Setting the Table: Benchmarking Open Table Formats

Start of Main Content

At Brooklyn Data Company, we've watched the Modern Data Stack (MDS) grow and evolve by leaps and bounds every year. Not only are new players and categories entering the MDS, but existing players are improving their offerings all the time. One area that's starting to get more attention is open table storage formats, such as Apache Iceberg and Delta Lake.

The Delta Lake™ (governed by the Linux Foundation™) and Apache® Iceberg (governed by the Apache Software Foundation) storage formats bring data warehouse capabilities to the data lake, such as ACID transactions and data versioning. Cloud data warehouses and data lakehouses are adopting support for one or more of these formats, improving data interoperability and reducing the need to move data across many analytical systems. For example, Databricks fully supports Delta Lake (and can also use Iceberg with a few tweaks), and Snowflake currently has native support of Iceberg tables in private preview.

Why this benchmark?

To evaluate these table storage formats, we ran a set of comprehensive workloads against each of them to test the performance of inserts and deletes, and the effect of these updates on the performance of subsequent reads.

To this end, we took some of these common sales tables from the TPC-DS benchmark and ran the following:

Inserting new data: Newly arriving data is appended to an existing table (for example, batching in yesterday's data from an operational system). The data added is typically a small fraction of the overall data set.
Deleting existing data: Existing data is removed from the table for archival purposes or to fix data quality issues. Volumes deleted vary widely but typically cover a specific date range or source system.
GDPR Deletions: For any of our clients that operate in the EU, we have to be ready to accommodate any GDPR deletion requests — ideally without blowing up performance. Data is removed from the entire table for just one person regardless of date. This is a challenging deletion since tables are frequently partitioned by date. Data governance and protection are not limited to GDPR compliance; they are table stakes for all analytical systems.

Methodology

At a high level, these are the steps we followed to generate our benchmark:

Denormalize the standard TPC-DS dataset into one wide sales table in Parquet format, at 1TB scale.
- TPC-DS is a heavily normalized data model, and performing multiple joins isn't really going to test the performance of the underlying storage formats. So instead we denormalized the dataset, creating a wide sales table. By focusing on a single wide table, we test the storage layer more rigorously, asking it to add and remove larger volumes of data in a single step.
- Hold back a subset of the data (~1.5%) in a separate Parquet file, for merging back into the table as part of the benchmark exercises.
Create the main denormalized table in each storage format, based off of the Parquet table. Record the count of underlying files in the table.
- Run a set of 10 read queries altered from the TPC-DS queries 3 times each, and record the run times.
- We altered these queries to accommodate our new wide sales table. We chose them because they use only the store_sales table and dimension tables. They do not refer to any of the other _sales or _returns tables that we did not denormalize.
Steps. After each mutation step, we get the new file count for the table, as well as rerun the 10 queries (3x) to measure read performance.
- Upsert Medium Data: Using a MERGE statement, insert the subset of data that was initially held back in step 1B
- Delete Extra Small Data: Using a MERGE statement, delete a "extra small" amount (0.015%) of data
- Delete Small Data: Using a MERGE statement, delete a "small" amount (0.15%) of data
- Delete Medium Data: Using a MERGE statement, delete a "medium" amount (1.5%) of data
- GDPR Request: Using a DELETE statement, simulate a GDPR request by removing all rows with a matching customer ID.

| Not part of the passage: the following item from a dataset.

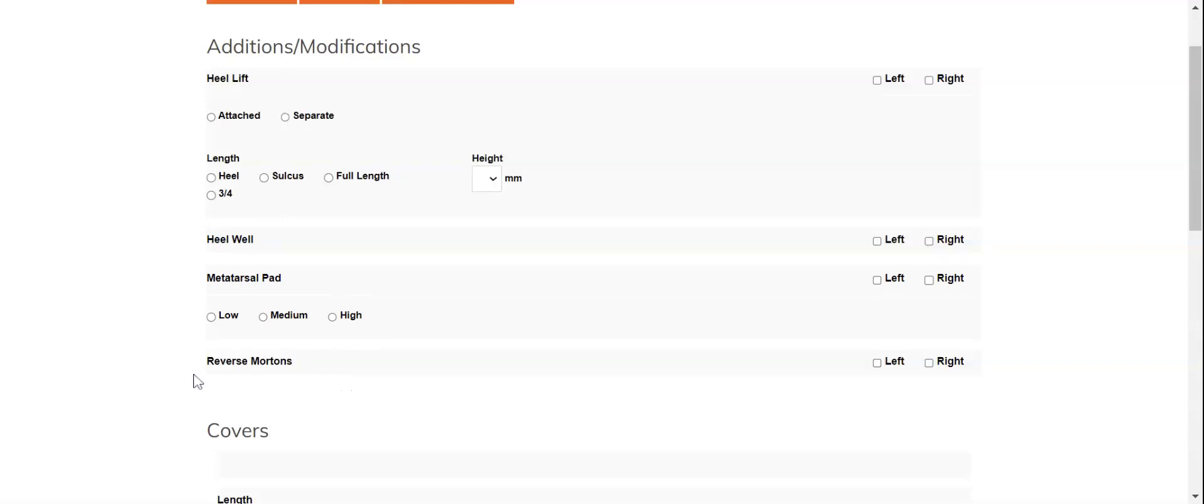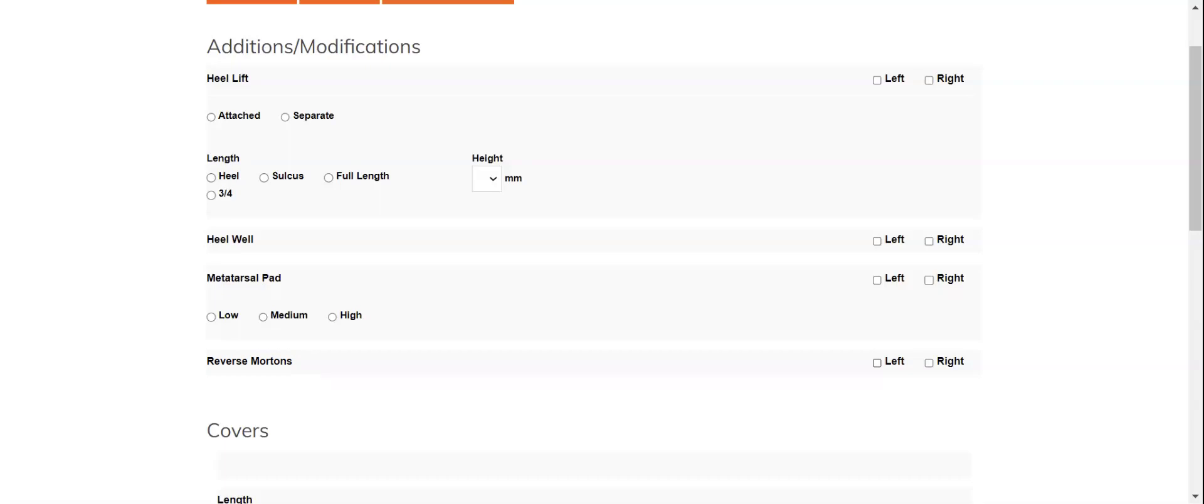Please note that reverse mortens, if you're familiar with what this is on our order form, will be going through some changes for clarity in the upcoming months, so it may look a little different by the time you look at this.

We ran the entire process (steps 1-3) four times, and calculated the geomean runtime across all 4 runs (e.g., geomean of 4 measurement points for each write task, and 120 measurement points for each read test).

Infrastructure

To run the benchmark, we used the following stack (all in AWS us-east-2):

Amazon EMR v6.8, running Spark 3.3
- 16 workers, using i3.2xlarge VMs
- 1 driver using an i3.2xlarge VM
1 Amazon RDS MySQL instance using db.m5.large
- This database is used for the Hive metastore catalog
1TB datasets, stored in s3
- Parquet dataset used for initial ingestion
- Delta Lake dataset using Delta Lake 2.1.0 (available here)
- Iceberg dataset using Iceberg 0.14.1 ¹ (available here)

Findings

Overall, we saw Delta Lake outperform Iceberg after any kind of data mutation, especially on read workloads. Read workloads were consistently 7x - 8x faster on Delta Lake. Write workloads were typically 1.5x - 3x faster on Delta Lake. Let's dive into the specifics!

Performance on writes

Delta Lake and Iceberg had very similar performance when initially creating the denormalized dataset. However, write times on performing the mutations were faster on Delta Lake, with the "Delete Small Data" mutation seeing a difference of 17x.

Performance on reads

While Delta's read performance remained consistent after every mutation step, we saw Iceberg's read performance decrease drastically after the first mutation, and then increase again after the 5th mutation.

Why the Difference?

After seeing the differences above, we wanted to explore reasons why they're so stark. We did one more additional run, this time adding statements to collect the number of files added and removed after each step:

Apache Iceberg: select * from spark_catalog.etl_sf1000_iceberg.store_sales_denorm_iceberg.snapshots
- File counts were pulled from the summary field of the latest snapshot record.
Delta Lake: describe history store_sales_denorm_delta

The reason for the difference quickly became apparent — while both formats began with the same number of files, Iceberg added 92,000 new files in the Upsert Medium Data step, leading to drastically longer read and write times for every step thereafter. Our theory is that Delta's repartitionBeforeWrite feature is what's keeping its file counts so low.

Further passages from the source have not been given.